I think this lemma is indeed true.
$G$ is a continuous function on $[0,1]$ (trivial) therefore it has a maximum and a minimum. We want to check at least one is not attained at 0 or 1. If F is nonzero and $F(1)=0$, then G takes nonzero values and one of the extrema is not attained at 0 or 1. Now suppose F(1) is positive (if necessary consider $-F$; if it's zero, then since). $G(0)=0$ and $G$ takes positive values hence 0 is not the maximum of $G$ on $[0,1]$. We'll now prove $G(1)$ is not the maximum of $G$.

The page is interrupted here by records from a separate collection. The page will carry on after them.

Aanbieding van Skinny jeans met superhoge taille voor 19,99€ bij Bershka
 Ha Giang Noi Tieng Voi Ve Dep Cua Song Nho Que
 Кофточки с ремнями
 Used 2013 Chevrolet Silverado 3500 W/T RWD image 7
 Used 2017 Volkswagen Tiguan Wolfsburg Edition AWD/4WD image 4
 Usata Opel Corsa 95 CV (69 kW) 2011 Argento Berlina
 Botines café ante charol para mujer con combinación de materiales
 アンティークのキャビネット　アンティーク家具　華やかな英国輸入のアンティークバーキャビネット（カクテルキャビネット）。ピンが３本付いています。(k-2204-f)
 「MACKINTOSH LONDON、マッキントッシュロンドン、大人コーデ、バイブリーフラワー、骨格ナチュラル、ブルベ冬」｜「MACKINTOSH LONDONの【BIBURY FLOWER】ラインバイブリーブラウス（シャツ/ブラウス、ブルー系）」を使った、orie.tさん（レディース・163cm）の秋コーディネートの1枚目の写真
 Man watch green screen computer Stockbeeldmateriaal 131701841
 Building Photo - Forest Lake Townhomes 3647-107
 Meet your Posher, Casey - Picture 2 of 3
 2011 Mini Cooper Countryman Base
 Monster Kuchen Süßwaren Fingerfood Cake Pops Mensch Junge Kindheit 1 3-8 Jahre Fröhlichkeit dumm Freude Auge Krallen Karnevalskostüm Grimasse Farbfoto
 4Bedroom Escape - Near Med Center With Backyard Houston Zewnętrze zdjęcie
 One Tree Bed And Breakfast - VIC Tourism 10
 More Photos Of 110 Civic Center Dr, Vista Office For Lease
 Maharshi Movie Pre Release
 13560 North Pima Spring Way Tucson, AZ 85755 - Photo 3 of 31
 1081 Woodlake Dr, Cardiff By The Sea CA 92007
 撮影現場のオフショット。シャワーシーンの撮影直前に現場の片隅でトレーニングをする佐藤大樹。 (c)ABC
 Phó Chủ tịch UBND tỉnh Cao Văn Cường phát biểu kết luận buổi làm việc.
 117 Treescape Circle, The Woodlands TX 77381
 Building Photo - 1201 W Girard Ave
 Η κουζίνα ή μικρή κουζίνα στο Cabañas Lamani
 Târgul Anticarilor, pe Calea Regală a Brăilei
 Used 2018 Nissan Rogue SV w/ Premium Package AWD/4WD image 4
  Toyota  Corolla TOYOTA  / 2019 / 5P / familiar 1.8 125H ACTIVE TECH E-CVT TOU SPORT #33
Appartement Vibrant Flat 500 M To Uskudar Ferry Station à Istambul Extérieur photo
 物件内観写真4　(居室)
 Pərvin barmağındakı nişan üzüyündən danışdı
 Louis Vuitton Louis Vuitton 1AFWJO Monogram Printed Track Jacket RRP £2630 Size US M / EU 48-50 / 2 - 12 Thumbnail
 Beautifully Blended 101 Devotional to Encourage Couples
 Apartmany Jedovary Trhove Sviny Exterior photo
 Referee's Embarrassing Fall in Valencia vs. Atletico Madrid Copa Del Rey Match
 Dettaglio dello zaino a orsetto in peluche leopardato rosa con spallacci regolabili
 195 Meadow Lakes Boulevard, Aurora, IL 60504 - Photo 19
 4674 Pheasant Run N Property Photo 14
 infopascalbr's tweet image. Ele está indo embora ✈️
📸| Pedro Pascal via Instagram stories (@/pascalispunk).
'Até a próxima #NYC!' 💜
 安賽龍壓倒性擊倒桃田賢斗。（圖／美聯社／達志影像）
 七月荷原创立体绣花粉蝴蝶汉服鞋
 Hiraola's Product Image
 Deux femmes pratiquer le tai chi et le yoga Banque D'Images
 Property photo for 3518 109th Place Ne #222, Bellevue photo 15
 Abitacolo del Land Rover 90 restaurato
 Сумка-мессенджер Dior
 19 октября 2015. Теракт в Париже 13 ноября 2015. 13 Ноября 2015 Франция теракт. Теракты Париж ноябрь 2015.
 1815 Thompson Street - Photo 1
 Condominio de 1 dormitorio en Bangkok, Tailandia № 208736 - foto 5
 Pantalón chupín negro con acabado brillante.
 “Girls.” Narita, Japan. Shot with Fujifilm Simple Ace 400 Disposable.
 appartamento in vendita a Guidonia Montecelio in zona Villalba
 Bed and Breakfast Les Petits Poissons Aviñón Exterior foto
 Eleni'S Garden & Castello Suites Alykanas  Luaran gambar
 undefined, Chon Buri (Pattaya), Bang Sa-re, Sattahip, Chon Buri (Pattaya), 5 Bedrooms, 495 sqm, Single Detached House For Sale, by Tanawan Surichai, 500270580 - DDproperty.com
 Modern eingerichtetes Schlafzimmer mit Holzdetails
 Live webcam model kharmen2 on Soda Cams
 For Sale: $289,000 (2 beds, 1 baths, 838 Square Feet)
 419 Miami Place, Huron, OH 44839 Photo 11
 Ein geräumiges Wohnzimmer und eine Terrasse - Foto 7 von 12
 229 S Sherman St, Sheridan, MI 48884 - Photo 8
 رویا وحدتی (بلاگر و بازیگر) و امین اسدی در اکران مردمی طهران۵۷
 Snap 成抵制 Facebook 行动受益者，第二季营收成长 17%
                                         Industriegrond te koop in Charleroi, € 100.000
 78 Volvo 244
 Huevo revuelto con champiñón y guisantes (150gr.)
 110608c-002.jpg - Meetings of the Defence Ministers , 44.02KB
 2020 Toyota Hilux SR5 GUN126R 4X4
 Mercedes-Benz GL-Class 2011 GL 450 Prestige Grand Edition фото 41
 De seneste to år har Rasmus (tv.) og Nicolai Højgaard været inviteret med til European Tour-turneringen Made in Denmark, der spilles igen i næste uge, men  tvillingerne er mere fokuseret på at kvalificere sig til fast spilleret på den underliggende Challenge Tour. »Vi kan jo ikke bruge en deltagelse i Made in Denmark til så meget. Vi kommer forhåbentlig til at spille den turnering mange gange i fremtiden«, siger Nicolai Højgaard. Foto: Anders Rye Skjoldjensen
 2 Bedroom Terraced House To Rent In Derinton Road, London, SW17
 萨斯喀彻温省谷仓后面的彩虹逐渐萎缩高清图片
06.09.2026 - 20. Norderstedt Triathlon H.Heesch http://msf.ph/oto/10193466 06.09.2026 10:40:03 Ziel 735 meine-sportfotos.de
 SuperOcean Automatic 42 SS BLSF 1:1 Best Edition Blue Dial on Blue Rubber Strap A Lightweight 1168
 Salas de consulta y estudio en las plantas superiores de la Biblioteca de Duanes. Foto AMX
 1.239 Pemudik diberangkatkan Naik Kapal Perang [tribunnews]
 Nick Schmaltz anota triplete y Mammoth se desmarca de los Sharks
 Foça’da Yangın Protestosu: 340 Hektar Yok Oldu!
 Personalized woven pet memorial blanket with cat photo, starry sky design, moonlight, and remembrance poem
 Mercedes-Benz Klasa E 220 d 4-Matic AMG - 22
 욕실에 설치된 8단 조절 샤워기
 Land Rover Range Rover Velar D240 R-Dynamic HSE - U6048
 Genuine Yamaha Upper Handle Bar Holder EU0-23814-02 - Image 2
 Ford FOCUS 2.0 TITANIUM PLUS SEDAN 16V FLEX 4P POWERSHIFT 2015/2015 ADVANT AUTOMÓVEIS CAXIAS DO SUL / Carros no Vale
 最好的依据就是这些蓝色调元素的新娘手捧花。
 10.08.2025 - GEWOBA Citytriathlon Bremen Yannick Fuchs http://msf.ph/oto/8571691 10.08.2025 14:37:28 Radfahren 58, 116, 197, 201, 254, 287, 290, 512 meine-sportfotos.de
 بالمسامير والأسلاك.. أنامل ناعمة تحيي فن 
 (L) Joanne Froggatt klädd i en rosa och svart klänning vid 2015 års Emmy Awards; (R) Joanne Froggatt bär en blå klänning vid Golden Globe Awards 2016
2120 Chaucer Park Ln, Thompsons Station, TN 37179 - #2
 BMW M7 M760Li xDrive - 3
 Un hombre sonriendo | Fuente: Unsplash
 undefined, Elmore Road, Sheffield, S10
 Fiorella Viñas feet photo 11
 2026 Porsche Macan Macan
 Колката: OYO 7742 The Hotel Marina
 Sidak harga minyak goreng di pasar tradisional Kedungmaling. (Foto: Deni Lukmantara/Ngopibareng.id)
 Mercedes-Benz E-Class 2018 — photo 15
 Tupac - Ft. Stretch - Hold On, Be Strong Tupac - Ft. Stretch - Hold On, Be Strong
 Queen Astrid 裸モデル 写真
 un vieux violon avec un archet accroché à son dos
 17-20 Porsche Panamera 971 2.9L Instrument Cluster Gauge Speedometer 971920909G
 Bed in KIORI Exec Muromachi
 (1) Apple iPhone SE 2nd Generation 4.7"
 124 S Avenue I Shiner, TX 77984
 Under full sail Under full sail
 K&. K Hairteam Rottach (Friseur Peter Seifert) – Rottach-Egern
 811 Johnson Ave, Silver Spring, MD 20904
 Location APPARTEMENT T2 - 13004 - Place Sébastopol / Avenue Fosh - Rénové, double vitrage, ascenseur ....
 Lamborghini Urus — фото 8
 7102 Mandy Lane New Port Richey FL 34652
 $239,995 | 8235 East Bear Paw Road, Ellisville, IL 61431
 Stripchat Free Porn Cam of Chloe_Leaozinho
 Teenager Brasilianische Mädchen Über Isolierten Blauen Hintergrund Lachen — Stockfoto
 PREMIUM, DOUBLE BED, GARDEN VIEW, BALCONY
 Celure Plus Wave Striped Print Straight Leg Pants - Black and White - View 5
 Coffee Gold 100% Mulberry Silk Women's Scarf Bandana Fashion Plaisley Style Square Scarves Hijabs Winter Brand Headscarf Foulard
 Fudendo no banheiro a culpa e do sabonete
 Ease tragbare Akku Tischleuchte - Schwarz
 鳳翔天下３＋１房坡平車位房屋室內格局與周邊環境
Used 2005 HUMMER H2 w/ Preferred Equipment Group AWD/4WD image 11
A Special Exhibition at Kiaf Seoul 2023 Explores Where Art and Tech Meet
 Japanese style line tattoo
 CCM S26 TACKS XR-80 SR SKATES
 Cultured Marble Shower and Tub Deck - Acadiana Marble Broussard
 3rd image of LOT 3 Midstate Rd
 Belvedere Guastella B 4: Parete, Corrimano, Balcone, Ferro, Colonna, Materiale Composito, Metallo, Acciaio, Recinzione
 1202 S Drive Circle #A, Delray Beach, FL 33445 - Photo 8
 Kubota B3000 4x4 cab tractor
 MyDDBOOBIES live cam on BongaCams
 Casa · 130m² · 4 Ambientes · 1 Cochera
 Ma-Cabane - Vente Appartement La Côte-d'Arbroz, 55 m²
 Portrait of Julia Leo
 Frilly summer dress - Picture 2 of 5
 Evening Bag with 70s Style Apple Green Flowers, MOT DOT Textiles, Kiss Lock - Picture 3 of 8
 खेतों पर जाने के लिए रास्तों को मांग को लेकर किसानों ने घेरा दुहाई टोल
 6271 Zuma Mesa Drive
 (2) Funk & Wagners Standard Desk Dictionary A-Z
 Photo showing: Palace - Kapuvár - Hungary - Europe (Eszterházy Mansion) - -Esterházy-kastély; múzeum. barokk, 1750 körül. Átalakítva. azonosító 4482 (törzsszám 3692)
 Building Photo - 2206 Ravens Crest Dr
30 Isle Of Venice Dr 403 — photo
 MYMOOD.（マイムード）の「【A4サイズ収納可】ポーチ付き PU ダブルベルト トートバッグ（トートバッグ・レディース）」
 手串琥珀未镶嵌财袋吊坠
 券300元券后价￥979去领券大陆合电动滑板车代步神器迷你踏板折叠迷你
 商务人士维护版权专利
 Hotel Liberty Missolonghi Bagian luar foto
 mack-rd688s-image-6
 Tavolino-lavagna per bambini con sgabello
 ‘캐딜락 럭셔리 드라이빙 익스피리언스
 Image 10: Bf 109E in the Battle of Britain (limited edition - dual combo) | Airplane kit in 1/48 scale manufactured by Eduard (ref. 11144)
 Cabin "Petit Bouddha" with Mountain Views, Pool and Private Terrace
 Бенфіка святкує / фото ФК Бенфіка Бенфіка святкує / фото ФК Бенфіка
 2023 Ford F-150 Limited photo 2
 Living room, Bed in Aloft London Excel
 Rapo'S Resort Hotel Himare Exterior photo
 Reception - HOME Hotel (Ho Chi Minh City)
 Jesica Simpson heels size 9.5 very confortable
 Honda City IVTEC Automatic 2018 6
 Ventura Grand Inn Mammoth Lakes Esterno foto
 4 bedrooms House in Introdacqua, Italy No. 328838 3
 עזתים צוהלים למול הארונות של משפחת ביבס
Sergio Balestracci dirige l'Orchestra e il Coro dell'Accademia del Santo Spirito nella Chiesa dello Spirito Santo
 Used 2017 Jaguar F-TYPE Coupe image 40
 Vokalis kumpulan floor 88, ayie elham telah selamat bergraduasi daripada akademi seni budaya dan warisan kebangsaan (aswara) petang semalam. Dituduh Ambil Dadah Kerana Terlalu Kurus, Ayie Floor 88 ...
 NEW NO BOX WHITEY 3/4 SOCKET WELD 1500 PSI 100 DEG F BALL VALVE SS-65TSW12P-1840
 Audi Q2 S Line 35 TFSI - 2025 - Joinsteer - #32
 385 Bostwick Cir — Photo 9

Suppose $\forall x \in [0,1], G(x) \leq G(1)$, therefore $\forall x \in [0,1], F(x) \leq x F(1) = \varphi(x)$. $F(1-h) = F(1) + o(h)$ (since $F'(1)=0$) and \phi(1-h) = F(1) - h F'(1). So, F(1-h) - \varphi(1-h) = h F'(1) + o(h); this is positive in a neighborhood of zero. Contradiction reached, therefore $G(1)$ is not the maximum of $G$.
$G$ hence attains a maximum at a point $c \in (0,1)$; therefore, G'(c)=0.
(I'm not 100% sure it is correct, since it does not use the $C^2$ hypothesis.